According to Citywire data, Conway returned has 26.4% over five years, while his peers returned an average of 19% over that time. Despite generating top quartile returns, he and his co-managers managed to restrict annual volatility, and with standard deviation 5.4, it is the third lowest in the peer group.
Conway says 2018 was disappointing for the team, even though they outperformed their Mixed Assets – Balanced peer group by returning -4.7% compared with -5.8%
Last year was unsatisfactory, he says, 'in one sense because our objective is to generate a positive real return'.
'We don’t try to do that over one year, but when we lose money like we did in 2018, it makes it really uncomfortable. And you have to work harder to deliver positive returns over a rolling three year period.’
He points out that the Vanbrugh fund has returned 10% per annum since its launch in 2009, despite being a cautiously run multi-asset strategy that is only a quarter invested in equities.
‘It was difficult to generate positive returns, across Vanbrugh and Distribution. Relative returns were good, but we judge ourselves by the absolute standard. We need to generate a positive real return.

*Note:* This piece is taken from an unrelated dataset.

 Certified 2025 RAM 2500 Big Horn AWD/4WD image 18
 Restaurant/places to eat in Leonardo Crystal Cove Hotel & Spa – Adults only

'When we look back at it, we know why we didn’t do better, and we are comforted by the fact that we couldn’t have done better.’
So, what has not worked?
‘In 2018, 90% of all asset classes delivered a negative return in dollar terms. If you want to deliver a positive return, you had to be in T-bills or direct property. Essentially, if you’re a multi-asset fund manager, the only way to make a positive return was to be in dollar assets. But we are always going to be fully diversified.’

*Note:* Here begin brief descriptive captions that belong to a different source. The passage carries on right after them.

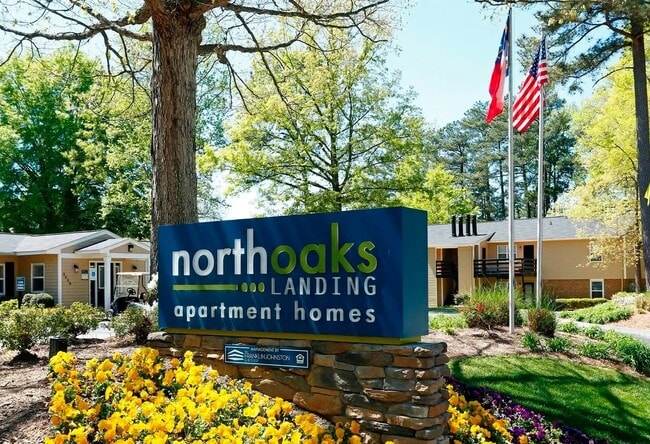 North Oaks Landing in Raleigh, NC - Building Photo - Building Photo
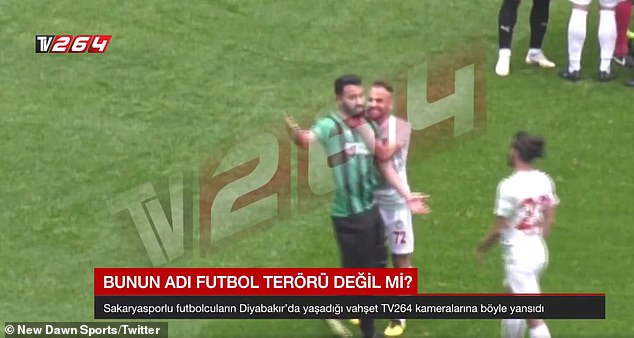 تیغ کشی در ترکیه؛ وسط زمین بین بازیکنان! +عکس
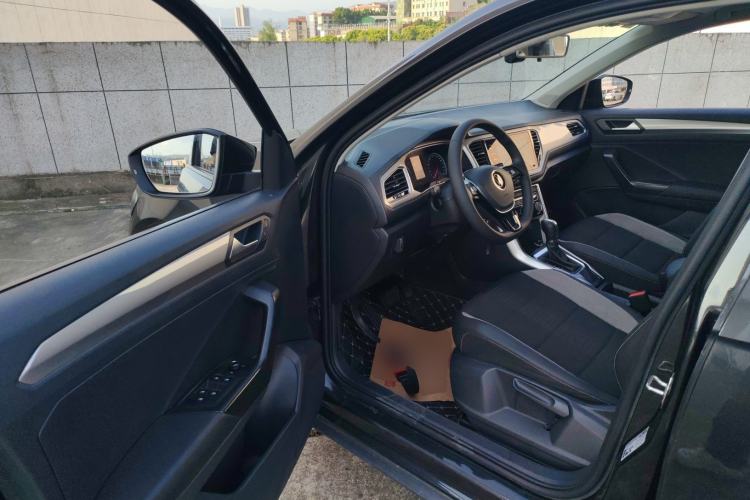 Used Volkswagen T-ROC 2021 280TSI DSG Two-Wheel Drive Elite Connect Edition Driver Seat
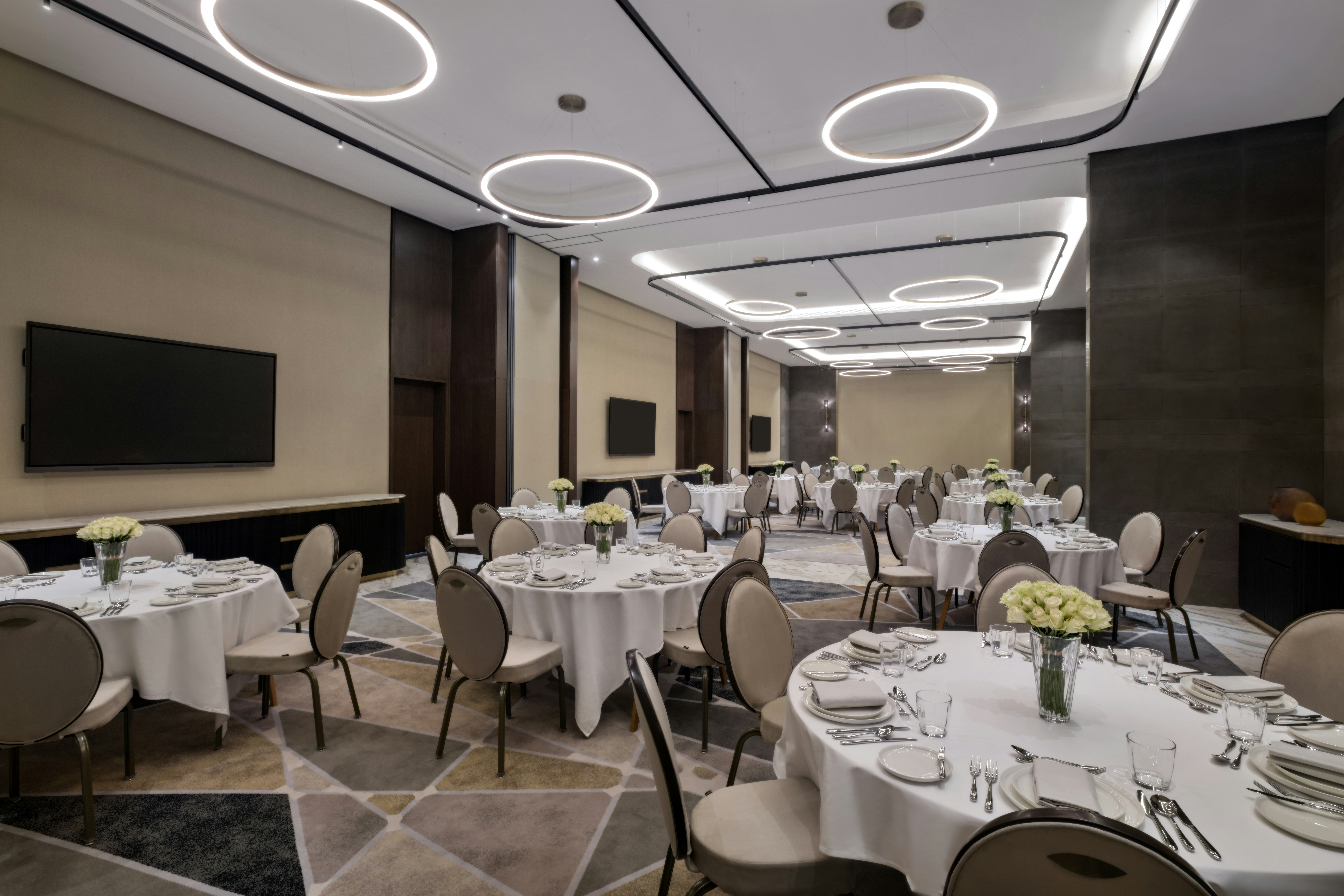 DoubleTree by Hilton Madinah Gate 70/73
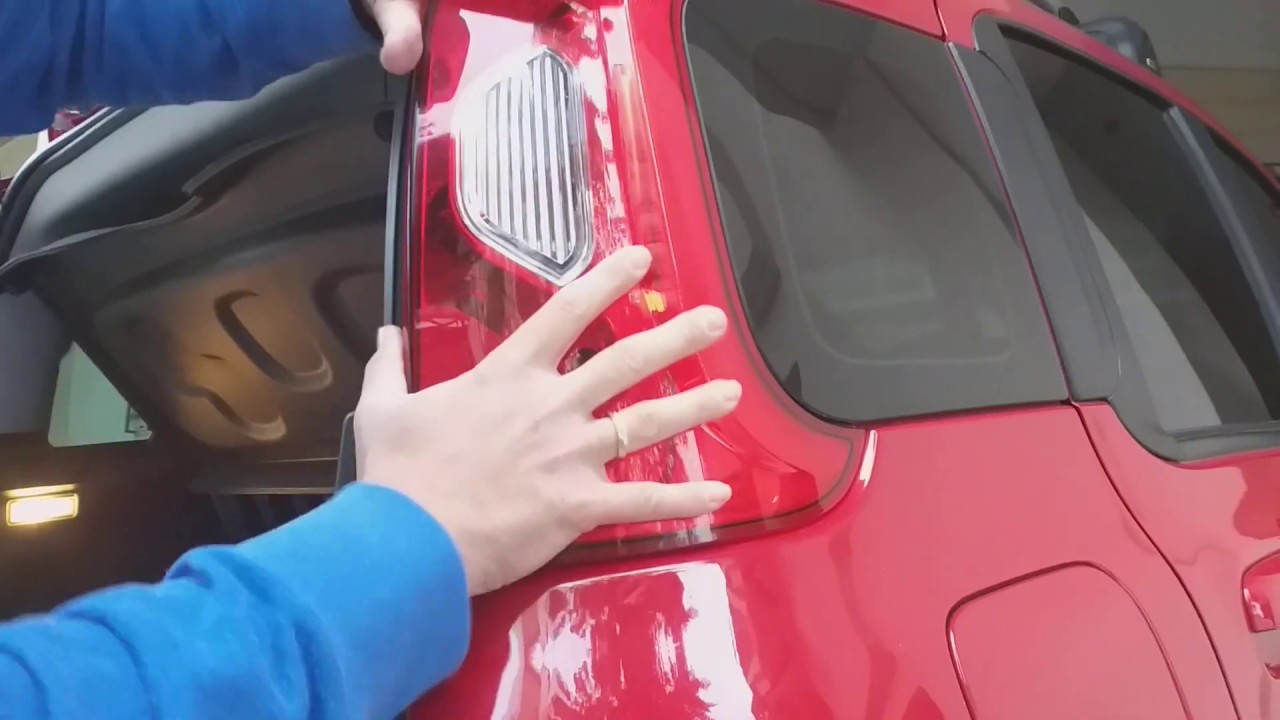 Fiat Panda 3 - How to change stop or running lights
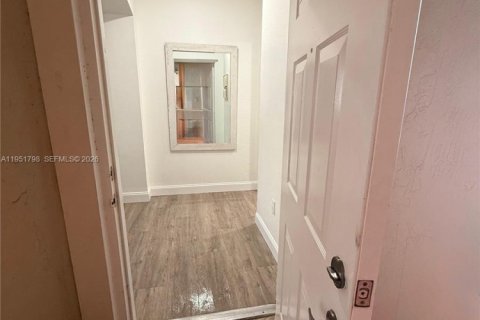 Copropriété à vendre à Miami, Floride: 3 chambres, 131.92 m2 № 2006282 - photo 4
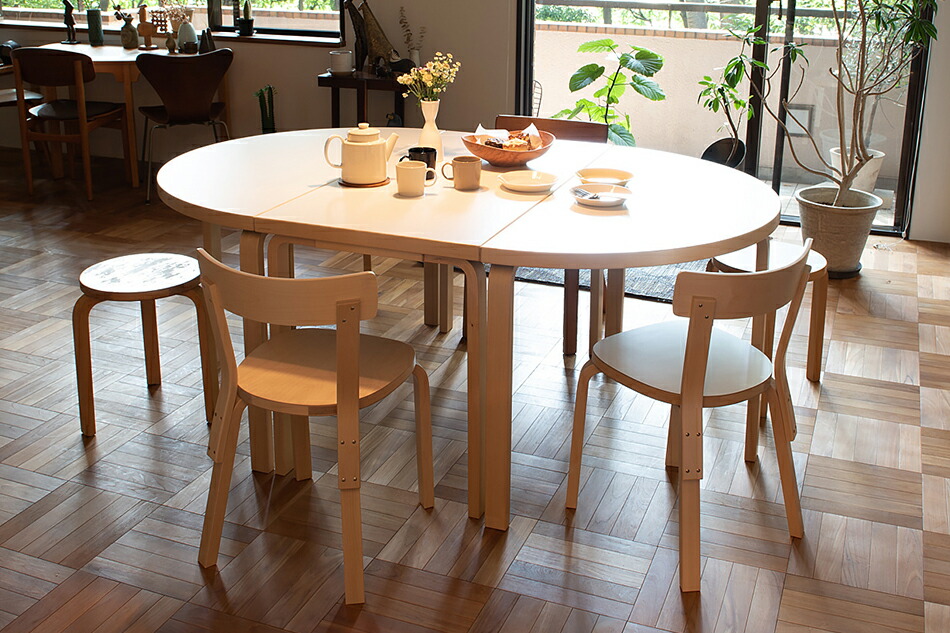 アアルト テーブル 半円形（アルテック／Artek） フリーデザイン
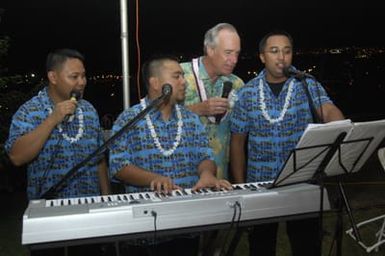 [Assignment: 48-DPA-SOI_K_Guam_6-6-7-07] Pacific Islands Tour: Visit of Secretary Dirk Kempthorne [and aides] to Guam, U.S. Territory [48-DPA-SOI_K_Guam_6-6-7-07__DI11969.JPG]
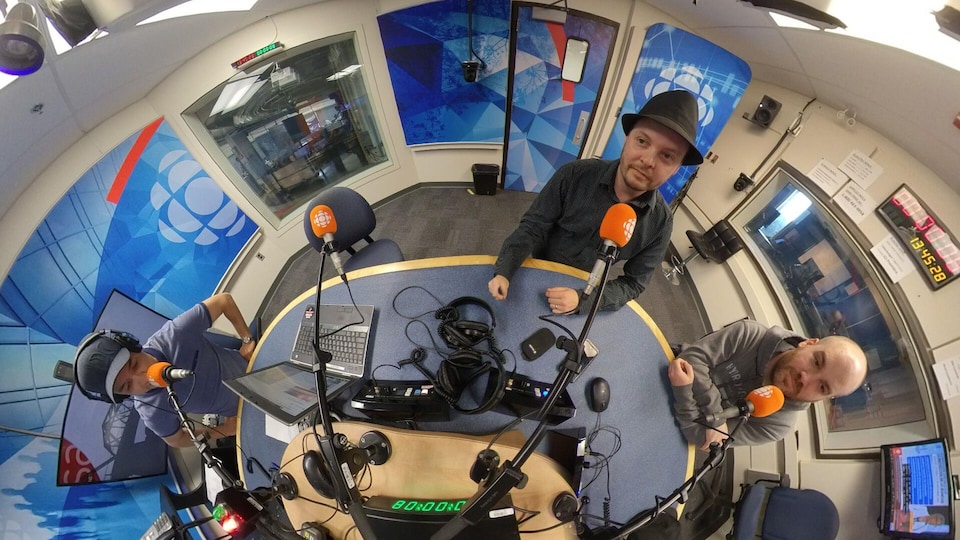 Frédéric Tremblay, Jonathan Côté et Pierre-Alexandre Buisson dans le studio radio d'ICI Saguenay-Lac-Saint-Jean.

Conway says the team actually added more to the poorest performers in the portfolios, such as gold equities, throughout the year.
‘Gold equities really helped us in December. We are very positive on gold, which can be linked to the fact that we think that the way monetary policy is being run has undermined the monetary system. All of the major central banks have debased their currencies in the name of not having a recession.

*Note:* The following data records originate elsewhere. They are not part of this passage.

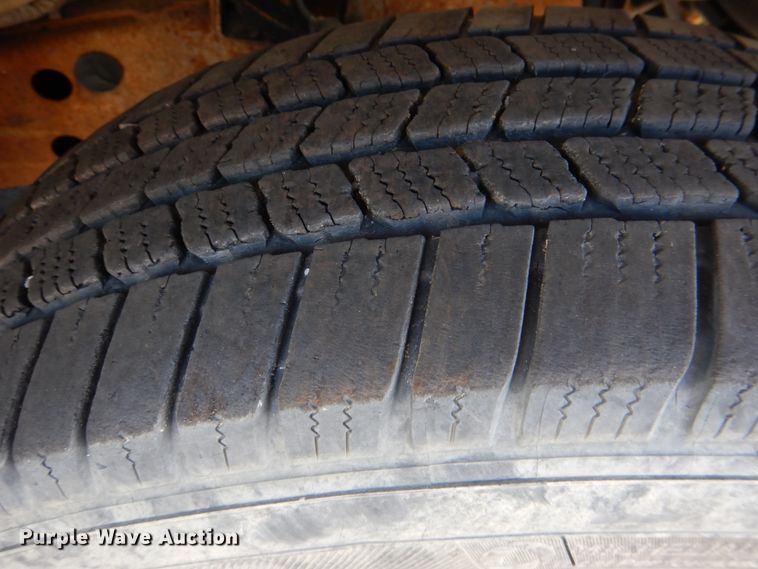 image for item JD9441 2006 Chevrolet Express G3500  shuttle bus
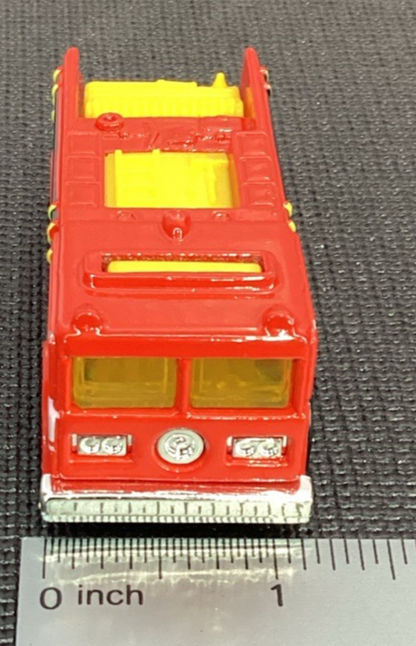 1976 HOT WHEELS METRO UNIT 122 - RED and Yellow2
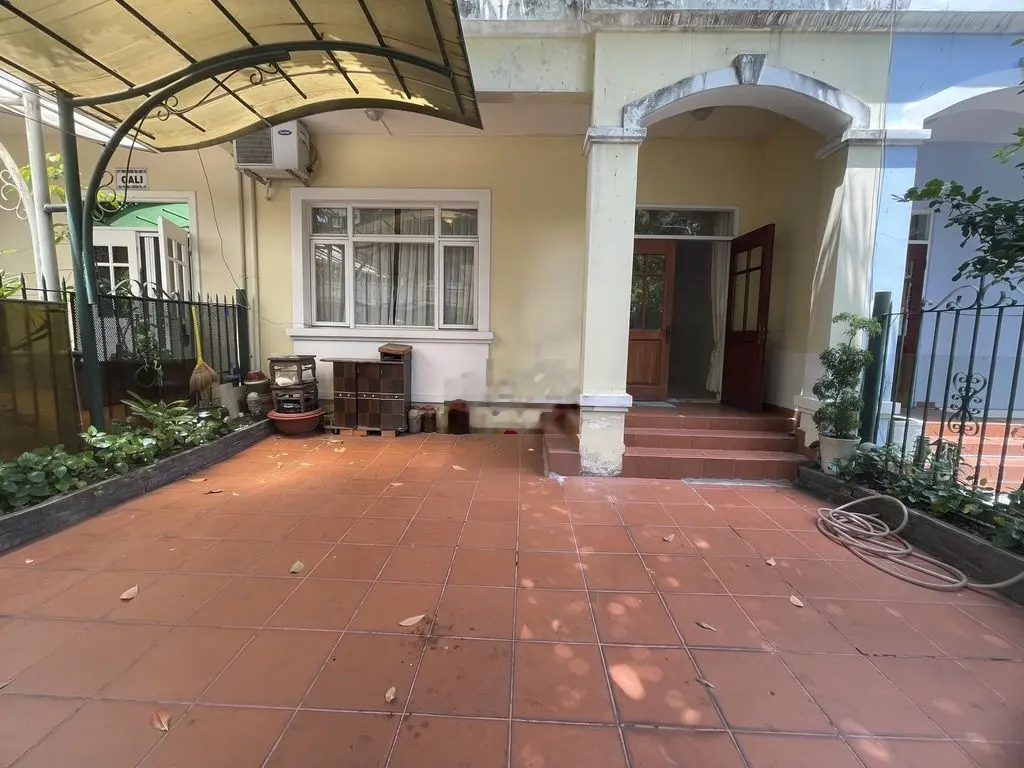 Bán biệt thự Hưng Thái, Phú Mỹ Hưng, DT 7x18m, 1 trệt 2 lầu, hướng bắc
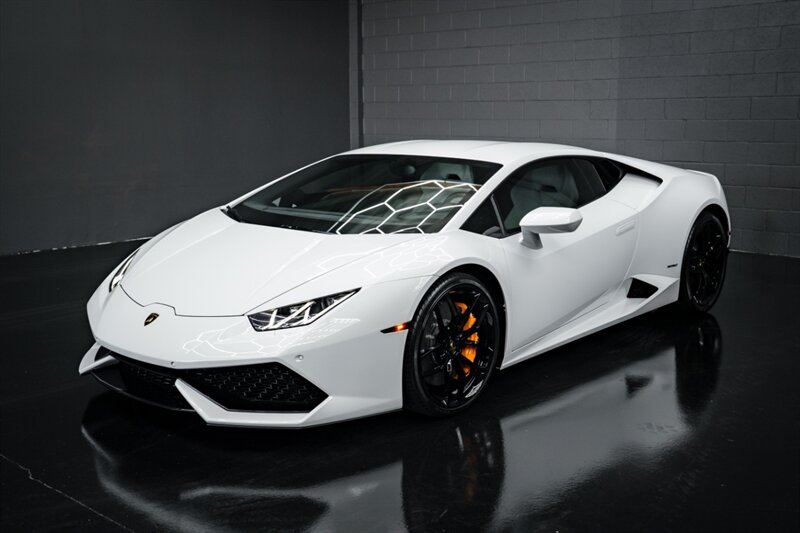 2016 Lamborghini Huracan Base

‘Real rates will keep falling, and that’s a positive environment for gold. Gold mining equities are attractively valued relative to the gold price. We think the gold price will go up over the long term, and it’s a truly diversifying asset in the portfolio. When things are going wrong, it should do well. ‘
The other area Conway has added to is UK equities, though he admits it is not a particularly controversial play.
‘Once we get through the Brexit nonsense, the undervaluation of domestic equities will correct, and we can see a tremendous short term rally. We have 11% in Vanbrugh and 16% in the Distribution fund, which is still actually quite low.’
Going forward, Conway believes the biggest risk is valuations, and he warns that the next 10 years will not be as good as the past 10 were.
‘The answer to the global financial crisis was to increase debt, passed from corporate to government balance sheets, and since then debt to GDP has continued to go up. The motivation in the aftermath of 2008-09 was to avoid a recession by stealing growth from the future. But that has to be paid back at some stage.
'We are now in a world where we’ve been without a recession for a long period, and that’s not normal,’ he says.
‘We’ll do the best we can, but when you’re a multi-asset fund manager, you have to recognise that that was an enormously good return. What we hope to do is to preserve the real value of our clients’ wealth.’